Cormoran de Pallas
Urile perspicillatus — Le cormoran géant et maladroit des îles du Commandeur
En 1741, un navire de l'expédition de Vitus Béring fait naufrage sur une île déserte du Pacifique Nord. À bord, un naturaliste allemand, Georg Steller, va y décrire en quelques mois une faune extraordinaire — dont deux géants qui ne survivront pas au siècle suivant. L'un est la rhytine de Steller, la vache de mer géante. L'autre, plus discret, est un oiseau : le cormoran de Pallas.
Le plus grand cormoran ayant jamais existé, si lourd et si peu volant qu'il en avait presque oublié la peur. Un siècle plus tard, il avait disparu — et il ne nous en reste aujourd'hui que sept dépouilles dans les musées du monde.
Le cormoran à lunettes
Steller le remarque aussitôt : ce cormoran est énorme. Près d'un mètre de long, jusqu'à six ou sept kilos — bien plus gros que tous les cormorans connus. Son plumage sombre jette des reflets verts et bronze, il porte une double huppe et, surtout, un cercle de peau nue autour de l'œil, pâle puis vivement orangé en période de reproduction. Ce sont ces « lunettes » qui lui vaudront son nom savant : perspicillatus.
L'animal n'est décrit scientifiquement que bien plus tard. À partir des notes de Steller, le naturaliste Peter Simon Pallas lui donne enfin un nom en 1811 — d'où le « cormoran de Pallas ». À cette date, pourtant, l'oiseau vit déjà ses dernières décennies.
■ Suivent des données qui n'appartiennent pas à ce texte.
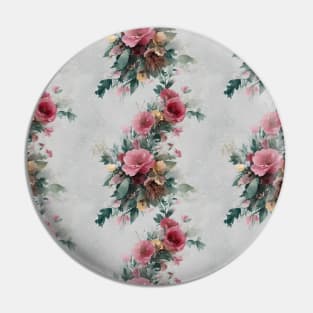 Vintage Flower Snow Pattern Water Color Design Pattern Pin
Un géant qui ne volait (presque) plus
Sa singularité la plus frappante : le cormoran de Pallas était quasiment incapable de voler. Ses ailes étaient courtes, son sternum (l'os d'attache des muscles du vol) réduit. Steller, fin observateur, nuançait : l'oiseau lui paraissait surtout peu enclin à s'envoler, plutôt que physiquement incapable. Mais l'anatomie des spécimens conservés confirme un vol au mieux laborieux.
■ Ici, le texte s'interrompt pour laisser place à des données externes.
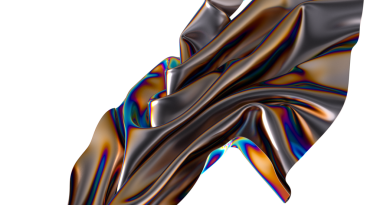 Soyut yanardöner metalik kumaş beyaz arka planda zarifçe akıyor.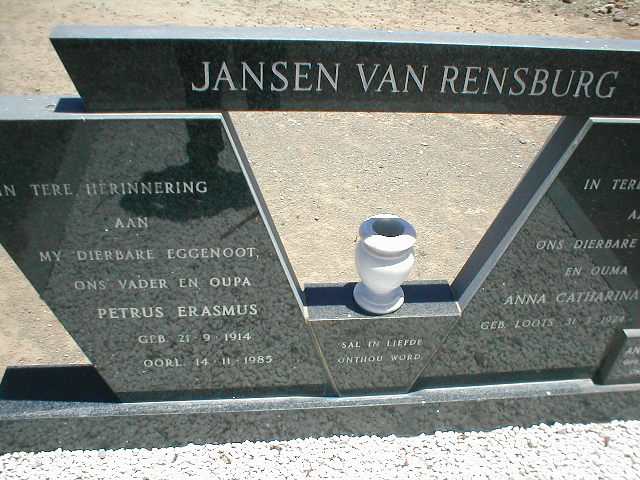 RENSBURG Petrus Erasmus, Jansen van 1914-1985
Rien d'étonnant : sur des îles sans prédateur terrestre, voler ne servait plus à grand-chose. Comme le dodo ou le grand pingouin, le cormoran avait suivi cette pente classique de l'évolution insulaire : devenir grand, lourd, terrien — et perdre la fuite. Une stratégie parfaite… tant que personne ne débarque.
Un oiseau pour trois hommes affamés
Sa taille fit sa perte. Steller, naufragé et affamé, note que l'oiseau pesait « douze à quatorze livres, de sorte qu'un seul suffisait pour trois hommes affamés » — et, fait rare pour un cormoran, qu'il était bon à manger. Une proie idéale : grosse, savoureuse, lente et confiante.
Au début du XIXᵉ siècle, des chasseurs aléoutes sont installés sur l'île Béring par les compagnies de fourrure, bientôt rejoints par les baleiniers. Pour ces hommes, le grand cormoran maladroit était un garde-manger sur pattes : on l'assommait sans peine. En quelques décennies, les colonies fondirent.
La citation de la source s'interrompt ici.